… “among potential Democratic primary voters.” Not sure I know what “potential voters” means, but there are the numbers. (Survey of 400 MA folks, +/-4.8%.) Patrick was down by 40% in the last SHNS poll, so it’s actually positive news for his campaign.
And no one should be surprised. Anyone who imagined that Patrick was going to stay in Kucinich-land doesn’t know much. At the very least, he’s a real candidate. It will continue to get closer the more people tune into the race and hear of Patrick — 79.3% still have no opinion of him. But he will become (is already) Not-Reilly.
That being said, there are no flies on Reilly in this poll. He beats Healey; he beats Patrick; favorable/unfavorable is 42.5/24.8%, with 32% saying “huh”. St. Fleuriasco didn’t kill him. Conte didn’t kill him. Big Dig settlement won’t kill him. ($108 million still sounds like a lot of money, right or wrong.) Bottom line? Not Secretariat, but definitely not Elmer’s glue, either. It’s a race.
Elsewhere, CBS4’s Jon Keller points to the legislature’s low approval ratings; excuses Travaglini out of hand; and says it’s DiMasi’s fault for not acting on “bread and butter issues”.
Well, maybe.
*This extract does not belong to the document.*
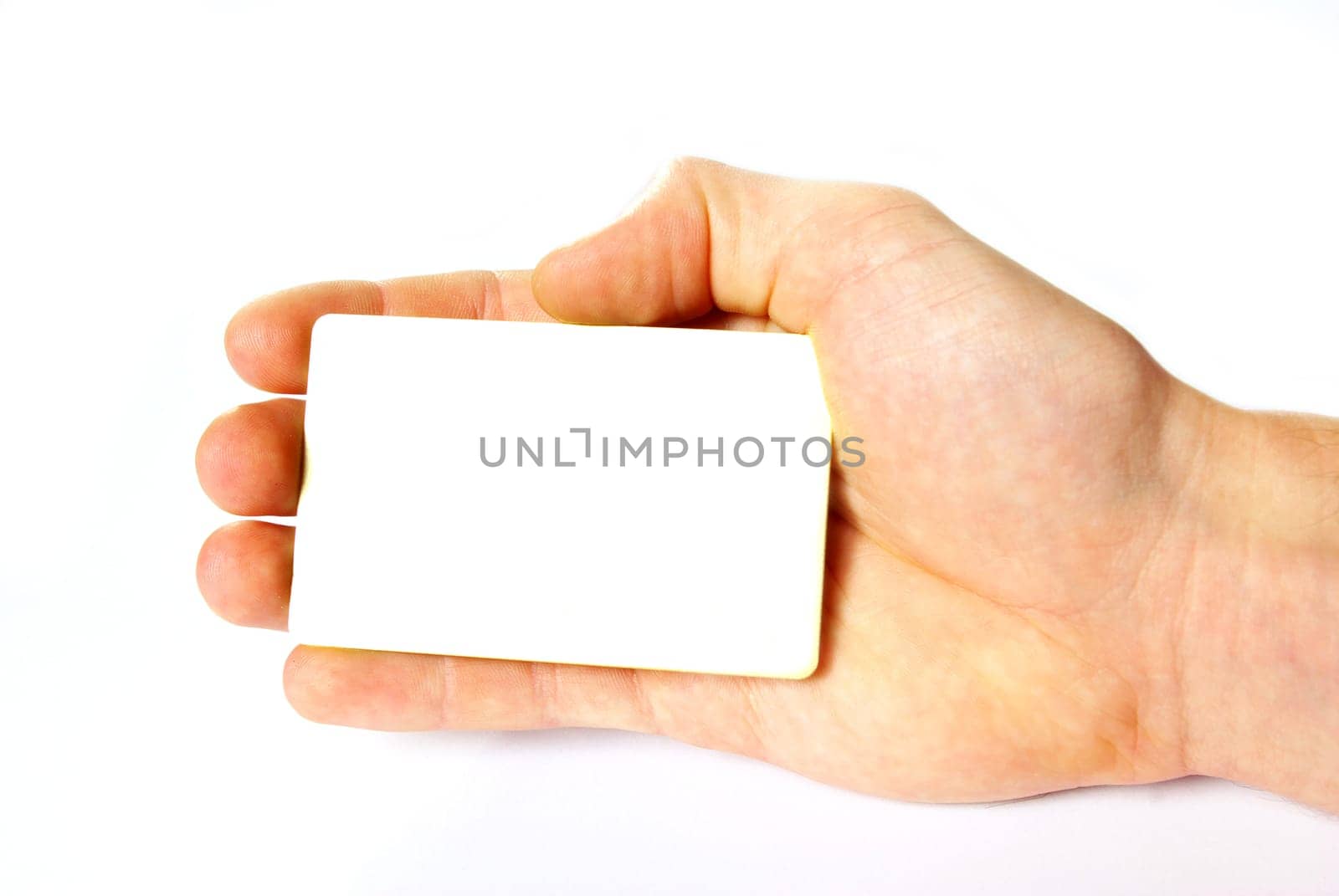 Man hand holding a blank business card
Maybe Travaglini deserves just a wee bit of blame for holding up meaningful health care reform, since he doesn’t seem to be too concerned about actually providing folks with health care as he was in making sure certain institutions got paid. (Kudos to the House for sticking to their guns … although who knows what the eventual compromise will contain. Based on the press accounts of a special-interest love-in, I’m not too hopeful. Hope you like sausage…)
DiMasi has taken heat for setting a slow pace of legislating, but I think if the legislature is hurting in the public’s esteem, you’ve just got to consider the Melanie’s Bill histrionics of Eugene O’Flaherty et al, the trip to Portugal, the obscenities, the whole ugly scene. Perhaps DiMasi should have been able to control it better; maybe considering the temperaments involved, that was impossible. And maybe in the absence of bread-and-butter accomplishments, this was allowed to suck up more oxygen that it should have.
And a direct comparison of DiMasi to Finneran based on this poll strikes me as glib, especially in the context of exceedingly complicated, protracted, and bitter health care negotiations. Health care is rocket science; it’s not surprising that other things — important things — got held up in the meantime.